The prime minister said that in opening its customs borders to partner countries, Kyrgyzstan may “lose domestic producers” who would be unable to compete against more powerful foreign companies.

“We certainly favor the integration as there can be no growth in the republic’s economy without developing trading relations,” Satybaldiyev said. “But we should be protected at least in some ways.”

This was the reason Bishkek asked CU states to create a kind of supporting fund for Kyrgyzstan’s accession to the organisation, which could finance the country’s economy in the transition period.

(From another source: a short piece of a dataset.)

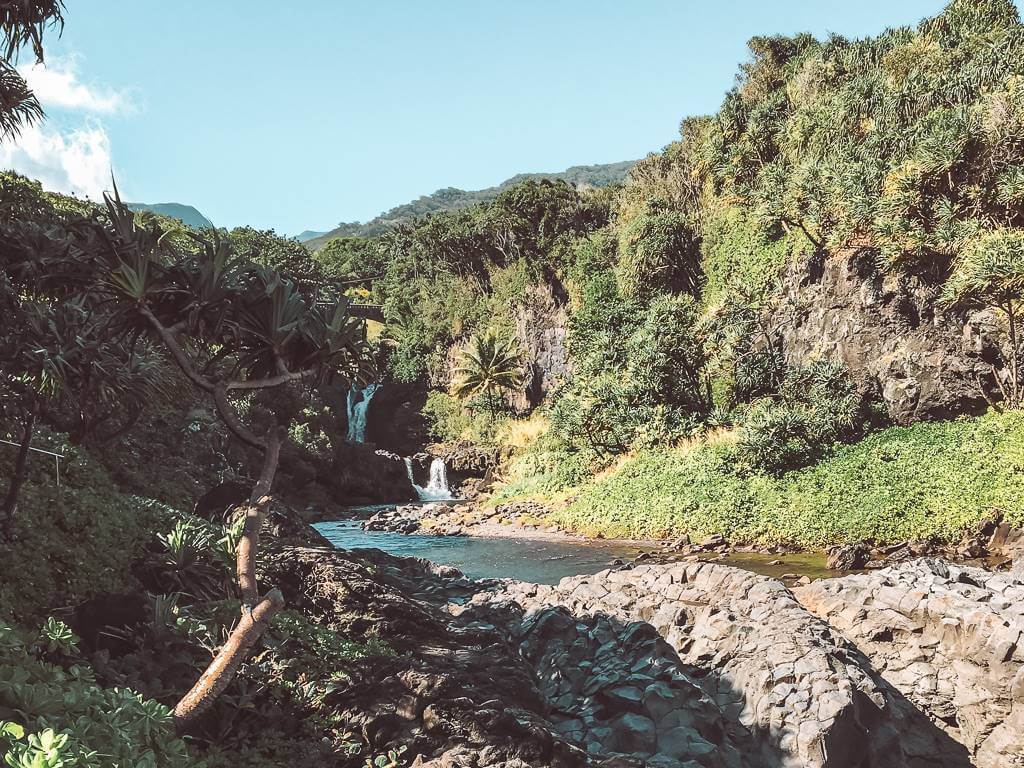 small waterfall in the distance on road to hana in maui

“Then we could go boldly into the Customs Union. Without it, it would be really difficult for us. It would be difficult to sign an agreement which is disadvantageous for us,” Satybaldiyev said, adding that he hoped agreement would be possible with CU states and that the Kyrgyz side “is already looking for ways to address the problems”.

Kyrgyz authorities decided to enter the union in spring 2011. Six months later, the republic officially applied to join the assembly, the parties charged to complete a roadmap for integration by the end of 2013.

Bishkek considered it irrational to enter the CU, however, without guaranteeing “the protection of its national interests”.